Return the listing verbatim, images left out.

[[ Dataset content open ]]

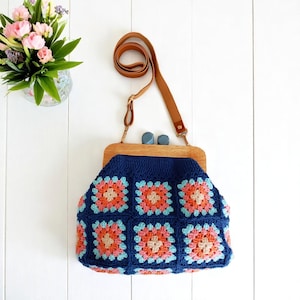 Handmade Crochet Granny Square Bag – Colorful Retro Purse with Wooden Frame and Adjustable Strap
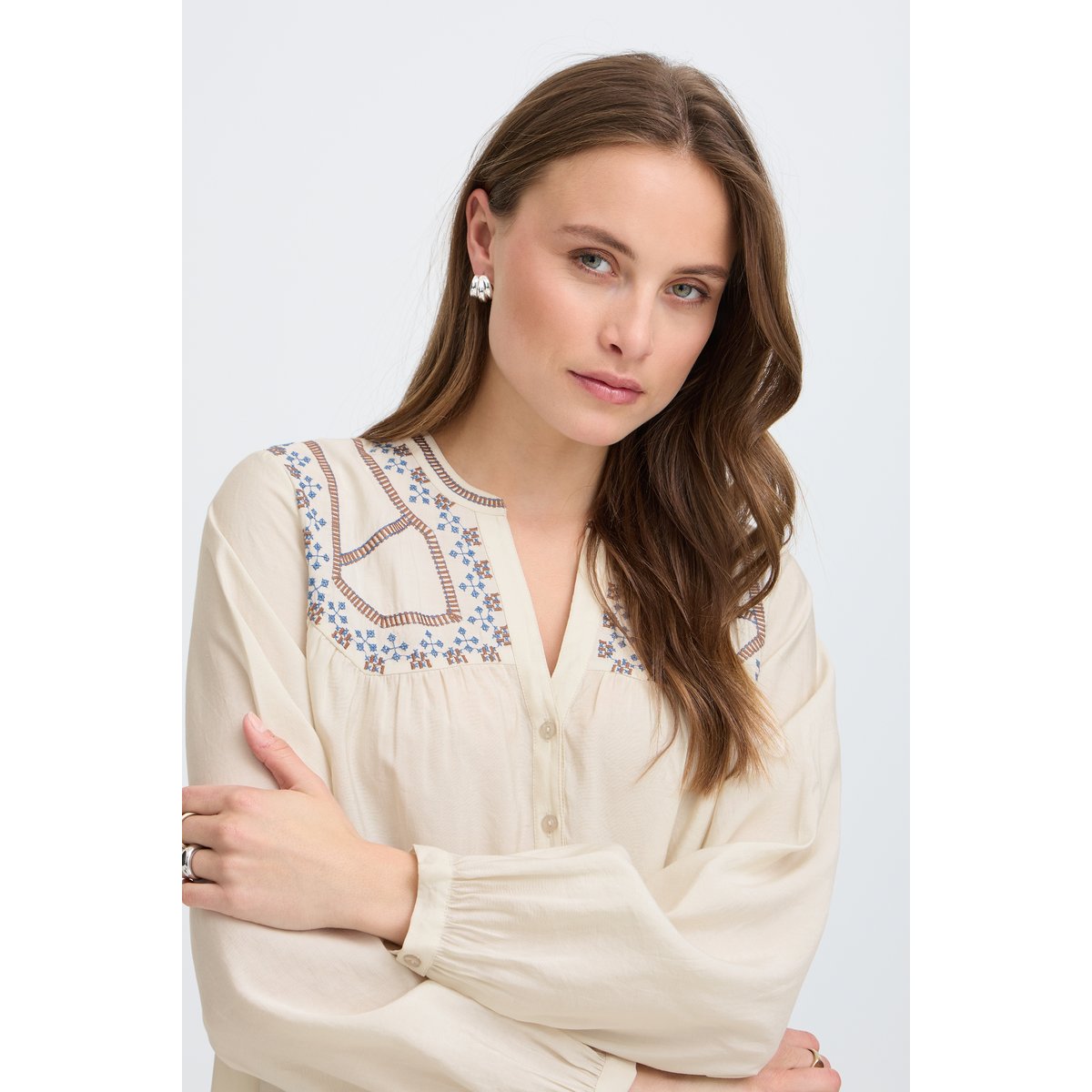 Blouse manches longues, col tunisien, broderies sur épaules et poitrine blanc birch, B.YOUNG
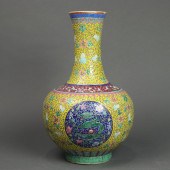 CHINESE FAMILLE ROSE GLOBULAR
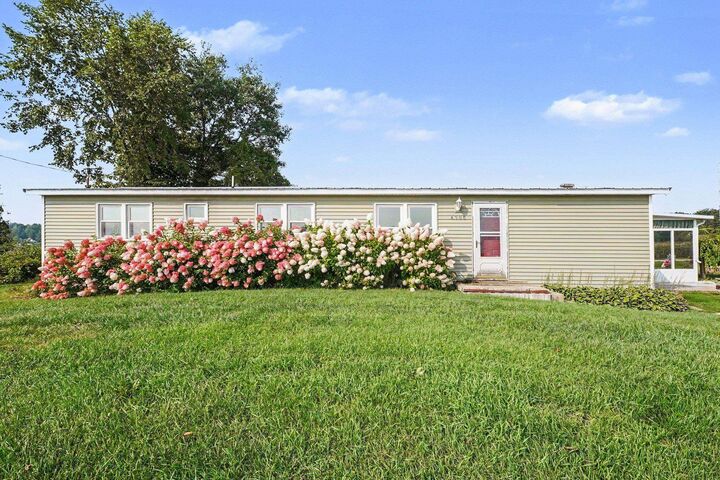 Property Photo:  4900 Dundas  MI 48612 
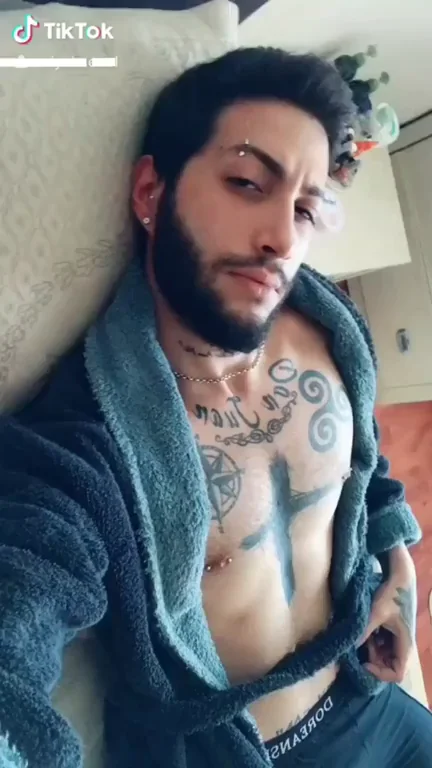 (M)would you let me cum all over your face? ???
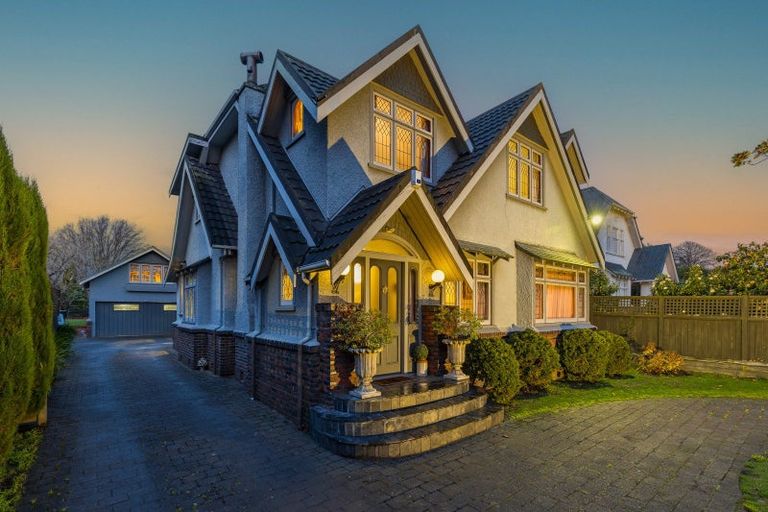 Photo of property in 209 Victoria Avenue, Hokowhitu, Palmerston North, 4410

[[ Dataset content closed ]]

**Written response**
 Handmade Crochet Granny Square Bag – Colorful Retro Purse with Wooden Frame and Adjustable Strap
 Blouse manches longues, col tunisien, broderies sur épaules et poitrine blanc birch, B.YOUNG
 CHINESE FAMILLE ROSE GLOBULAR
 Property Photo:  4900 Dundas  MI 48612 
 (M)would you let me cum all over your face? ???
 Photo of property in 209 Victoria Avenue, Hokowhitu, Palmerston North, 4410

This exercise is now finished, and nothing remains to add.